Frankl: "Es gibt auf Erden zwei Menschenrassen, aber auch nur diese beiden: die 'Rasse' der anständigen Menschen und die der unanständigen Menschen. Und beide 'Rassen' sind allgemein verbreitet: in alle Gruppen dringen sie ein und sickern sie durch; keine Gruppe besteht ausschließlich aus anständigen und keine aus ausschließlich unanständigen Menschen, in diesem Sinne ist also keine Gruppe 'rassenrein'."

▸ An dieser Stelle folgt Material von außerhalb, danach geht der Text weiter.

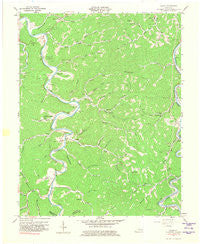 Canoe Kentucky Historical topographic map, 1:24000 scale, 7.5 X 7.5 Minute, Year 1961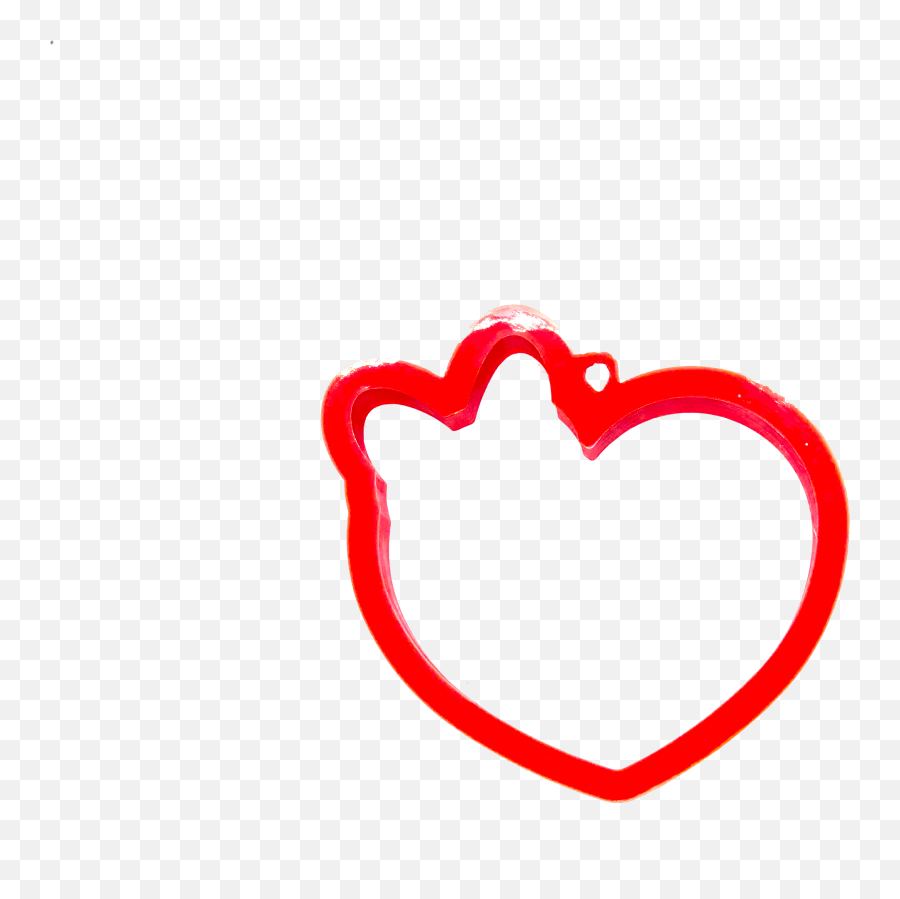 Kawaii Heart With Head Bow Cookie Cutter - Language Png,Kawaii Heart Png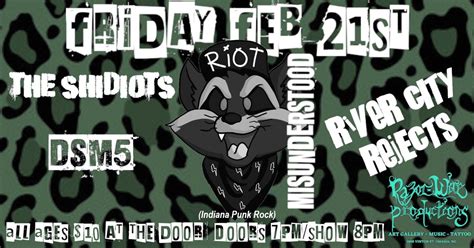 Misunderstood (Indiana Punk)/River City Rejects/DSM5/The Shidiots ALL ...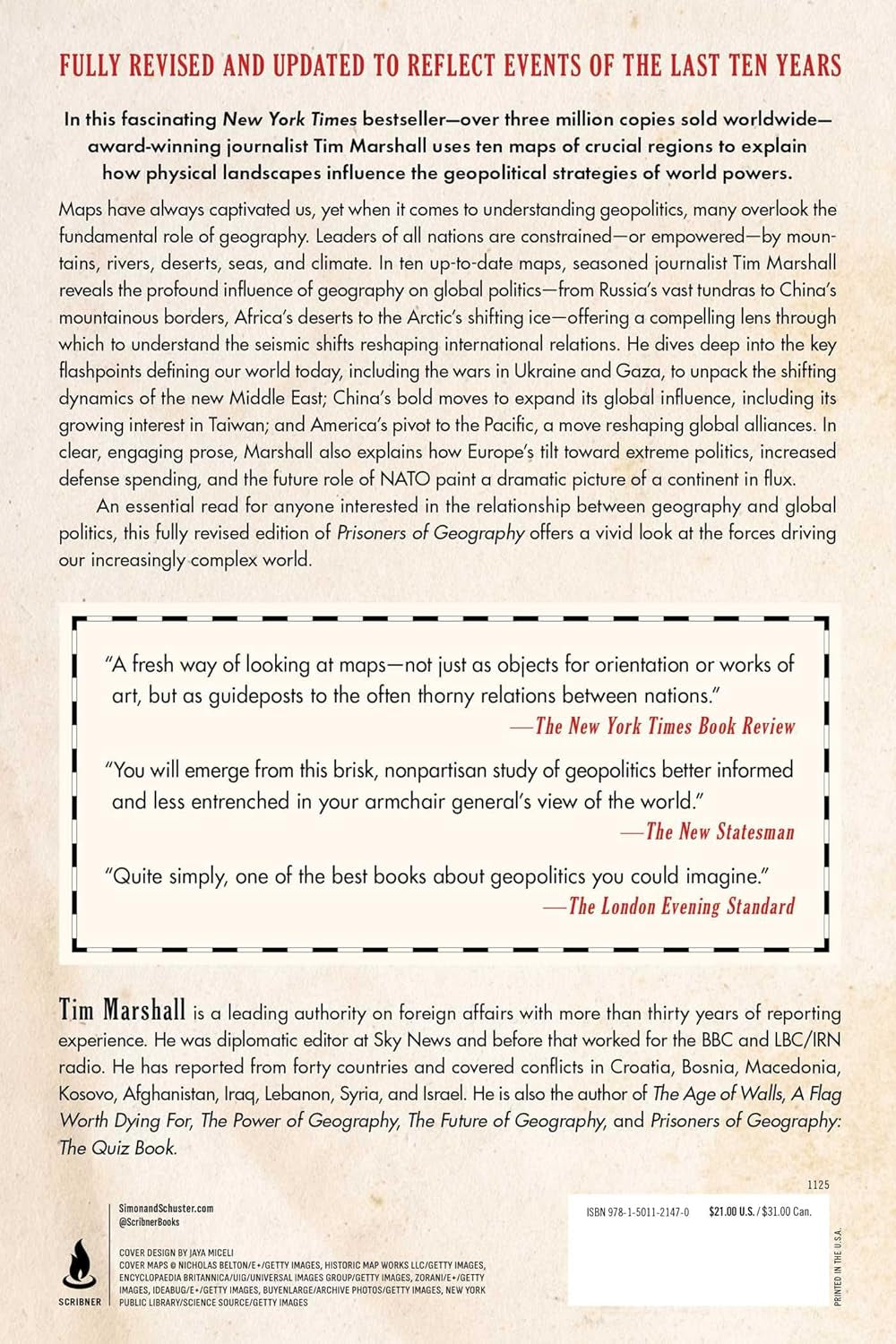 Prisoners of Geography: Ten Maps That Explain Everything About the World (Politics of Place)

Das Leben im KZ ließ zweifelsohne einen Abgrund in die äußersten Tiefen des Menschen aufbrechen. Und trotz der Tiefen gab es den einen oder anderen anständigen Kerl eben auch unter der Wachmannschaft. Das Menschliche ist das, was es ist - es ist eine Legierung von gut und böse. Der Riß, der durch alles Menschsein hindurch geht und zwischen gut und böse scheidet, reicht bis in die tiefsten Tiefen und wird auf dem Grunde des Abgrundes, den das KZ darstellte, offenbar.
Im Nationalsozialismus wurde der Mensch kennen gelernt wie vielleicht bis dahin in keiner Generation. Was also ist der Mensch?
"Er ist das Wesen, das immer entscheidet, was es ist. Er ist das Wesen, das die Gaskammern erfunden hat; aber zugleich ist er auch das Wesen, das in die Gaskammern gegangen ist aufrecht und ein Gebet auf den Lippen."
Vgl. Frankl, Viktor E., ... trotzdem Ja zum Leben sagen. Ein Psychologe erlebt das Konzentrationslager, 1982, München: dtv.